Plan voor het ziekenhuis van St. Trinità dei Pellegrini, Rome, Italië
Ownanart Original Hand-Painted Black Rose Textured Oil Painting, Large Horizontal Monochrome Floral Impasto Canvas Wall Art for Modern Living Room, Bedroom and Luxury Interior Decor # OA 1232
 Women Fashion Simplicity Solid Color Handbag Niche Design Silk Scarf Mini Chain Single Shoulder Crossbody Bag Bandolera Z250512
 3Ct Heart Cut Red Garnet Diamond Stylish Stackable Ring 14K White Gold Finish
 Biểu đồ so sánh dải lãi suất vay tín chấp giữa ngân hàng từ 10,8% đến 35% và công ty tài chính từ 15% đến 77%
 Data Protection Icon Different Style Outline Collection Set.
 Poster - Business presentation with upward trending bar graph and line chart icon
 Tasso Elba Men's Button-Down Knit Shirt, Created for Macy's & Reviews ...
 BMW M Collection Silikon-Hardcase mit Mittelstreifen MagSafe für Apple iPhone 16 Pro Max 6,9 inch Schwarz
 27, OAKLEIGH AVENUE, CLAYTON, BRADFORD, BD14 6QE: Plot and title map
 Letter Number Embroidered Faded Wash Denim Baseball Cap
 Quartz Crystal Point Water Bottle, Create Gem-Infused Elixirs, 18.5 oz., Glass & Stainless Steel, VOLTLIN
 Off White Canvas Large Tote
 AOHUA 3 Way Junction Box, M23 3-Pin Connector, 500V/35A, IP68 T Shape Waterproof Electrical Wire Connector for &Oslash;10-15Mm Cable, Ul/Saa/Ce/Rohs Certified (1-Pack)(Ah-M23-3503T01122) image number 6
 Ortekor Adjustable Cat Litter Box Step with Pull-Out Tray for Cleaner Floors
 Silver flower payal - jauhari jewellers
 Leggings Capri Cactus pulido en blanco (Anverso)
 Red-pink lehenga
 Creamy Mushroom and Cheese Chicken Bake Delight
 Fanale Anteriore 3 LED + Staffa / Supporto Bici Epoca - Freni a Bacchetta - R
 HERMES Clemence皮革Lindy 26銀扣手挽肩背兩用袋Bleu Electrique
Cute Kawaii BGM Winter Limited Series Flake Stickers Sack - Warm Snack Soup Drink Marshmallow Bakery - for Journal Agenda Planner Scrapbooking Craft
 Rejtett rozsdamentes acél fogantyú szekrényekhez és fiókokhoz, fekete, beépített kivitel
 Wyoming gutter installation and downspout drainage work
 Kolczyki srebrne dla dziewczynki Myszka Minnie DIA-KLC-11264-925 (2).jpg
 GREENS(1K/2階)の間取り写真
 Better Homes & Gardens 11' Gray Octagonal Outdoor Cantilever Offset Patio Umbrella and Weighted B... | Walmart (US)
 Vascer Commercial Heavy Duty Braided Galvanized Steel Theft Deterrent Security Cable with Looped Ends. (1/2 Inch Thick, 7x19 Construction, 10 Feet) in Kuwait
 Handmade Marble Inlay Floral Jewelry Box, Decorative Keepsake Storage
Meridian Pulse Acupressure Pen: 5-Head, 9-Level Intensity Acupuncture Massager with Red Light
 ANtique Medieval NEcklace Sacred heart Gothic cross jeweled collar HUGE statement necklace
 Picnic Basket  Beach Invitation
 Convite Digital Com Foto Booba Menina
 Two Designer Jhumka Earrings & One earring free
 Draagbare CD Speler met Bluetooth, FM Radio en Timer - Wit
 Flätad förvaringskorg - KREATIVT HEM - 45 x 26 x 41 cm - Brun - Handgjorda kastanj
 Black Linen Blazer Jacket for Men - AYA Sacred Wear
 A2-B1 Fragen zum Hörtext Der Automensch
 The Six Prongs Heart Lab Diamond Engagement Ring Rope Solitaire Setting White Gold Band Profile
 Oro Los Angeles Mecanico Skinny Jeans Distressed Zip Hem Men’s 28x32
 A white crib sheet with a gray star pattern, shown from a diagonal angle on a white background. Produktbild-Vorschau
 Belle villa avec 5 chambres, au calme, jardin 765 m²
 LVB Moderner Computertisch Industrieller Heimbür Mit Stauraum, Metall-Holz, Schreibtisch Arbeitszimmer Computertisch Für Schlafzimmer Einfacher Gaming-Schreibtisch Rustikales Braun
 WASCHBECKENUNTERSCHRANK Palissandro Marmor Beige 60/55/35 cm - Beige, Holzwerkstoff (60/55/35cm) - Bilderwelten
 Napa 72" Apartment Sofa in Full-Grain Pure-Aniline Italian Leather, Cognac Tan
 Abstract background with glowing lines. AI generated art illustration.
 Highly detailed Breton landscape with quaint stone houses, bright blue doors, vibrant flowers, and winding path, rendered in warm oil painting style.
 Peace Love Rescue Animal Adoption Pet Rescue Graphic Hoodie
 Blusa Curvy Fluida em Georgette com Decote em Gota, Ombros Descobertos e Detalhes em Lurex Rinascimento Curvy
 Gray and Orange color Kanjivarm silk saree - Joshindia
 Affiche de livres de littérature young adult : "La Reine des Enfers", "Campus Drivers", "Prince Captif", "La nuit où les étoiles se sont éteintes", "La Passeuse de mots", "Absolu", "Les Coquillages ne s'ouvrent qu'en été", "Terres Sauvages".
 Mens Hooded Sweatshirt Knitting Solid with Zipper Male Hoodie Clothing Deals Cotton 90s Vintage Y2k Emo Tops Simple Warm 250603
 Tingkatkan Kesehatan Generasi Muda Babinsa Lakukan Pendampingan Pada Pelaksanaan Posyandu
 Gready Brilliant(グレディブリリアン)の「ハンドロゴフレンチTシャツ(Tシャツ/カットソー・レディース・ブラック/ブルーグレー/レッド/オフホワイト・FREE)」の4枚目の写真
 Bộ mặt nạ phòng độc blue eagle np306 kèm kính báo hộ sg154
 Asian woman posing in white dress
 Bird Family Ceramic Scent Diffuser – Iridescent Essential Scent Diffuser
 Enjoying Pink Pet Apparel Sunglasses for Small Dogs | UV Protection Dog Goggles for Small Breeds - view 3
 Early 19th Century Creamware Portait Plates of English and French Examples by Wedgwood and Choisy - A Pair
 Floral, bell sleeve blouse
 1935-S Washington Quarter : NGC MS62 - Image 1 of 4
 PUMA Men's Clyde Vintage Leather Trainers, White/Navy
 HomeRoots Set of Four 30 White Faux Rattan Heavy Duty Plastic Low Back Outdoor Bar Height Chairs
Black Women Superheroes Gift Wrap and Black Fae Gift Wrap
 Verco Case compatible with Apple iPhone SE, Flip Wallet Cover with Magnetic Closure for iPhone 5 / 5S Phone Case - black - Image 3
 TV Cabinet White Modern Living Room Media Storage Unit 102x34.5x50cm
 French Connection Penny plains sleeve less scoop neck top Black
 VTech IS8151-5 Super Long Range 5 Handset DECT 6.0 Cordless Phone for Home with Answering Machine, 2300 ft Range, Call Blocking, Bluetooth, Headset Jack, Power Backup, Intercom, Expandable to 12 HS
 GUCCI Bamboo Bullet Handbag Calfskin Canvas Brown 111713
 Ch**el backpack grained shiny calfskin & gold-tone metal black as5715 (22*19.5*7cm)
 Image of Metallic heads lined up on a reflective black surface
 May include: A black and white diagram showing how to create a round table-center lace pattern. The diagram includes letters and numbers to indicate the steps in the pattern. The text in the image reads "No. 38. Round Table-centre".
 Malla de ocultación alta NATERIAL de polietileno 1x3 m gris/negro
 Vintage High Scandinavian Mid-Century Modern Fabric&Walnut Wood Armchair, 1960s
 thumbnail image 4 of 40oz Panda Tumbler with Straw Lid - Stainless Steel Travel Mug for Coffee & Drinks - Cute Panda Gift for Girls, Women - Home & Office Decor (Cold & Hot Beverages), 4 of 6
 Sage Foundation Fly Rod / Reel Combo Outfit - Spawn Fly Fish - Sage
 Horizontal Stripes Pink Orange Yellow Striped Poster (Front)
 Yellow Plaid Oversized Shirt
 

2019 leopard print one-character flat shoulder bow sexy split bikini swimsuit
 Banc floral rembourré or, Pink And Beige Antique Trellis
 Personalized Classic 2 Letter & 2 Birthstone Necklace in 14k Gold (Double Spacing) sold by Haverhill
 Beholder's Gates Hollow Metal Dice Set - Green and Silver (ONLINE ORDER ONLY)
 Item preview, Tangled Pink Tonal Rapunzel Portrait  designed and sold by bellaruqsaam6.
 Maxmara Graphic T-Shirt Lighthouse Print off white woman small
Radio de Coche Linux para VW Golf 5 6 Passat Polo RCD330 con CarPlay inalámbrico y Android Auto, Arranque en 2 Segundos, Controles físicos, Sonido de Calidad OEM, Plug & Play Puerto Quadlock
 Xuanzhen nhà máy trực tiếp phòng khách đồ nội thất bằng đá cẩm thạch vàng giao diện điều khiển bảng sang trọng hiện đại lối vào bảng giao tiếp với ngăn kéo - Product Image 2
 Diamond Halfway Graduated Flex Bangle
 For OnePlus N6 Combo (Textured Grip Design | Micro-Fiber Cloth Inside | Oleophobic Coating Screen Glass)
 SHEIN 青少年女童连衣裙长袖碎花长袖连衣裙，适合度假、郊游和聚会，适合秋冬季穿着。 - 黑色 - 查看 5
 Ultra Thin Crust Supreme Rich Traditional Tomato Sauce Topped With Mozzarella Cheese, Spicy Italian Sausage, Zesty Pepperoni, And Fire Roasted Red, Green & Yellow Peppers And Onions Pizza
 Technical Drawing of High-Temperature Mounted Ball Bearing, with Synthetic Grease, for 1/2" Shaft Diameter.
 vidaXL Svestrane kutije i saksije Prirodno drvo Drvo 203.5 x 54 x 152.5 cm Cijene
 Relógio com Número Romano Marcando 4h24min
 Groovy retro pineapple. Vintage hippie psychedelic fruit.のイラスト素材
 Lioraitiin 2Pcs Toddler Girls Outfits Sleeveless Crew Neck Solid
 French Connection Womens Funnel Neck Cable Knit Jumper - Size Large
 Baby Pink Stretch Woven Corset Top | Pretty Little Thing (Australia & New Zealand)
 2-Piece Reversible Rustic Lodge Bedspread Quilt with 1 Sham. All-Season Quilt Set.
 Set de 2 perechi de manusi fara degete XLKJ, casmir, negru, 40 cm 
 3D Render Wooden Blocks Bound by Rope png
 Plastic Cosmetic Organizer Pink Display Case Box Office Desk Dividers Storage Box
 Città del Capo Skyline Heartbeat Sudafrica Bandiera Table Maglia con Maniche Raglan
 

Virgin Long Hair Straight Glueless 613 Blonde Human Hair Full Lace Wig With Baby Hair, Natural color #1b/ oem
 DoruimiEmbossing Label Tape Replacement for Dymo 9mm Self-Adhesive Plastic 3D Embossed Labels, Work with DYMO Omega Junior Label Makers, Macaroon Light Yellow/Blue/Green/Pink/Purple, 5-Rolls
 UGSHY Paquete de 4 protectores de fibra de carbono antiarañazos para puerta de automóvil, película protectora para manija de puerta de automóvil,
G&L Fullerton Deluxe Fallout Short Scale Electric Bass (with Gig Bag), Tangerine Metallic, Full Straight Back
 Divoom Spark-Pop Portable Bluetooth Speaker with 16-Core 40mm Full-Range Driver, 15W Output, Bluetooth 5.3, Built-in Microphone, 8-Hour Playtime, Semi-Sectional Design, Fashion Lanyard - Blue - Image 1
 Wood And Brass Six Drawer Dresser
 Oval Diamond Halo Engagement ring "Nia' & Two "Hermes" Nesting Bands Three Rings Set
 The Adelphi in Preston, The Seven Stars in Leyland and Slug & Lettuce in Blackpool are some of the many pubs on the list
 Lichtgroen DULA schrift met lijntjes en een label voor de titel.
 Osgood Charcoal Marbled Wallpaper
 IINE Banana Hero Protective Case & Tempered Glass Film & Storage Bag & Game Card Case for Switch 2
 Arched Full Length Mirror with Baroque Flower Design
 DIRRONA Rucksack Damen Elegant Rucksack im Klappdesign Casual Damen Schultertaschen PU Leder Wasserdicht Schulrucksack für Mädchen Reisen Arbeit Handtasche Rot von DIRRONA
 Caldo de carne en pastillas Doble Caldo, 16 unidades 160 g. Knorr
__________________________________________________
Exercise description:
Output, from the data above, the lines from the line with "Lioraitiin 2Pcs Toddler" to the line with "DIRRONA Rucksack Damen" exactly as they stand, both ends included and nothing else.

Solved exercise:
 Lioraitiin 2Pcs Toddler Girls Outfits Sleeveless Crew Neck Solid
 French Connection Womens Funnel Neck Cable Knit Jumper - Size Large
 Baby Pink Stretch Woven Corset Top | Pretty Little Thing (Australia & New Zealand)
 2-Piece Reversible Rustic Lodge Bedspread Quilt with 1 Sham. All-Season Quilt Set.
 Set de 2 perechi de manusi fara degete XLKJ, casmir, negru, 40 cm 
 3D Render Wooden Blocks Bound by Rope png
 Plastic Cosmetic Organizer Pink Display Case Box Office Desk Dividers Storage Box
 Città del Capo Skyline Heartbeat Sudafrica Bandiera Table Maglia con Maniche Raglan
 

Virgin Long Hair Straight Glueless 613 Blonde Human Hair Full Lace Wig With Baby Hair, Natural color #1b/ oem
 DoruimiEmbossing Label Tape Replacement for Dymo 9mm Self-Adhesive Plastic 3D Embossed Labels, Work with DYMO Omega Junior Label Makers, Macaroon Light Yellow/Blue/Green/Pink/Purple, 5-Rolls
 UGSHY Paquete de 4 protectores de fibra de carbono antiarañazos para puerta de automóvil, película protectora para manija de puerta de automóvil,
G&L Fullerton Deluxe Fallout Short Scale Electric Bass (with Gig Bag), Tangerine Metallic, Full Straight Back
 Divoom Spark-Pop Portable Bluetooth Speaker with 16-Core 40mm Full-Range Driver, 15W Output, Bluetooth 5.3, Built-in Microphone, 8-Hour Playtime, Semi-Sectional Design, Fashion Lanyard - Blue - Image 1
 Wood And Brass Six Drawer Dresser
 Oval Diamond Halo Engagement ring "Nia' & Two "Hermes" Nesting Bands Three Rings Set
 The Adelphi in Preston, The Seven Stars in Leyland and Slug & Lettuce in Blackpool are some of the many pubs on the list
 Lichtgroen DULA schrift met lijntjes en een label voor de titel.
 Osgood Charcoal Marbled Wallpaper
 IINE Banana Hero Protective Case & Tempered Glass Film & Storage Bag & Game Card Case for Switch 2
 Arched Full Length Mirror with Baroque Flower Design
 DIRRONA Rucksack Damen Elegant Rucksack im Klappdesign Casual Damen Schultertaschen PU Leder Wasserdicht Schulrucksack für Mädchen Reisen Arbeit Handtasche Rot von DIRRONA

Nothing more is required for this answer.